Norway’s state police are launching an investigation into safety issues at state oil company Statoil, after state regulators confirmed Friday that the company risked a catastrophe on its Gullfaks C platform.
“The police have decided to start an investigation based on information we received today from Petroleumstilsynet (the Petroleum Safety Authority of Norway, PSA),” Bjørn Kåre Dahl of the police’s North Sea environmental section told website DN.no on Monday.
On Friday, the PSA announced that “only chance” had hindered a major accident in the form of a blowout and explosion on board Gullfaks C in May. The PSA claimed Statoil hadn’t applied earlier experience from a blowout on its Snorre A platform in 2004, that Statoil’s planning for drilling and operations on Gullfaks C were “seriously deficient,” and that the company exhibited poor risk management and control.
Some politicians claimed the regulator’s report was among the strongest they’d ever seen, while environmental organizations said it confirmed their own concerns. Frederic Hauge of Bellona, for example, claimed Statoil had tried to downplay the deficiencies on Gullfaks C, that it could have been as serious an accident as the Deepwater Horizon catastrophe in the Gulf of Mexico earlier this year, and that Bellona had intended to file police charges against Statoil itself.
Now the police are moving forward themselves with a probe into whether Statoil is guilty of any criminal negligence. If so, Dahl said it then must be determined whether Statoil would face punitive action as a company or whether individual executives would be held responsible.
“Tradition has mostly been that a fine is issued, but I can’t make any predictions,” Dahl told dn.no. “It’s much too early to think along those lines.”

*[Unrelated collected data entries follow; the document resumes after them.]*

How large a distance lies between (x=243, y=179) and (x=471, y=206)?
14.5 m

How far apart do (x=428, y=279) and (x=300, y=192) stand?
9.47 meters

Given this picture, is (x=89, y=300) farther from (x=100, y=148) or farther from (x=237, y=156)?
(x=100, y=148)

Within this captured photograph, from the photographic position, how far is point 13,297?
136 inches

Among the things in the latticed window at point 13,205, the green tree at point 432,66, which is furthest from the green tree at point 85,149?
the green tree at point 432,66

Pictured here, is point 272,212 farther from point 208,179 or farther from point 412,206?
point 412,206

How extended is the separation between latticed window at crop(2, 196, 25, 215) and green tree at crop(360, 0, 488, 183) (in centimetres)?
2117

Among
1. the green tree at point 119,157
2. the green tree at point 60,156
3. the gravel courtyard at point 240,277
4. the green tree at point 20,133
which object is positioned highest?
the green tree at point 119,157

Top Statoil executives had made themselves unavailable last last week when the PSA issued its damning report. Chief executive Helge Lund emerged on Norwegian Broadcasting (NRK) Sunday evening, however, claiming that Statoil invests much time and energy in safety issues.

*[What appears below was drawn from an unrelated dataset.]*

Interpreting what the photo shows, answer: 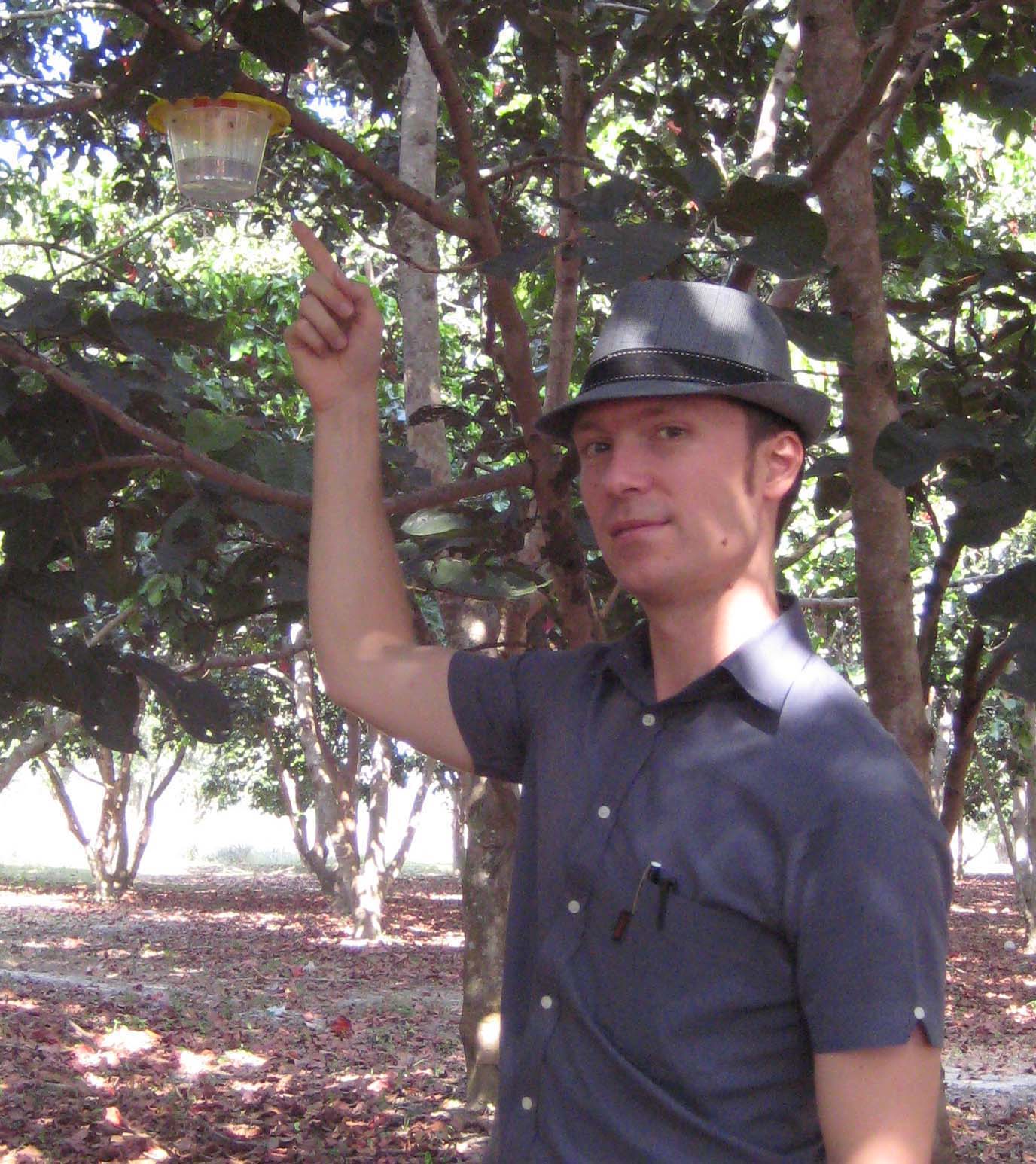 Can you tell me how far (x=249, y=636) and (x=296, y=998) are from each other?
2.71 meters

Lund believes Statoil is “much better now” than it was 10 years ago, but conceded that the Gullfaks incident last spring shows “we haven’t been good enough.”
NRK has reported earlier that employees are losing confidence in Lund, and that many fear traveling out to work on North Sea installations because of an alleged lack of maintenance and controls.
A Statoil spokesman told dn.no that the company will provide personnel and documentation needed for the police “to do a good job.”